REF:
https://www.zhihu.com/question/56024942
http://m.blog.csdn.net/chaipp0607/article/details/60868689
The main functions of 1*1 convolution are as follows:
1, reduced dimension (dimension reductionality). For example, a picture of 500 * 500 with a thickness of depth 100 1*1 the convolution on 20 filter, then the size of the result is 500*500*20.
2, adding nonlinearity . After the convolution layer passes through the excitation layer, 1*1 's convolution adds the nonlinear excitation (non-linear activation) to the previous layer's learning expression, and enhances the network's expressive ability;
When the 1*1 convolution appears, in most cases it acts as a dimension of the ascending/descending feature, where the dimension refers to the number of channels (thickness), without changing the width and height of the picture.
For example, for example, the result of a convolution is a w*h*6 feature, and it is now necessary to use the 1*1 convolution kernel to Wi Cheng w*h*5, i.e. 6 channels into 5 channels:
The following figure is a w*h*6 characteristic, and the convolution core of 1*1 is marked on the graph, and the thickness of the convolution core itself is also 6 (the picture is ugly. )
Through a convolution operation, the w*h*6 will become w*h*1, so that the use of 5 1*1 convolution core, it is obvious that 5 w*h*1 can be convolution, and then do the channel string operation, the implementation of W*H*5.
Here we first calculate the number of parameters, one after another, 5 convolution cores, each convolution core size is 1*1*6, that is, one has 30 parameters.
We can also use another angle to understand the 1*1 convolution, which can be seen as an all-connected, as shown below:
The first layer has 6 neurons, respectively, is A1-A6, through the full connection into 5, respectively, is B1-B5, the first layer of six neurons to be connected with the back five to achieve full connection, the figure is only a1-a6 connected to the B1 of the schematic, you can see that in the full connection layer B1 is actually the first 6 neurons weighted sum, Right corresponds to the W1-W6, here is very clear:
The 6 neurons in the first layer are actually equivalent to the number of channels in the input feature: 6, while the second layer of 5 neurons corresponds to the new feature channel number after the 1*1 convolution: 5.
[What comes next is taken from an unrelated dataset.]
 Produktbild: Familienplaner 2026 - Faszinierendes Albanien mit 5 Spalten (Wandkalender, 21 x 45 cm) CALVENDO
W1-W6 is the weight coefficient of a convolutional nucleus, and how to calculate b2-b5, it is clear that 4 cores of the same size are needed.
The final question is that the first layer of the image is different from the neuron, which is a 2D matrix or a number, but even a 2D matrix requires only one parameter (1*1 's core), which is because the weights of the parameters are shared.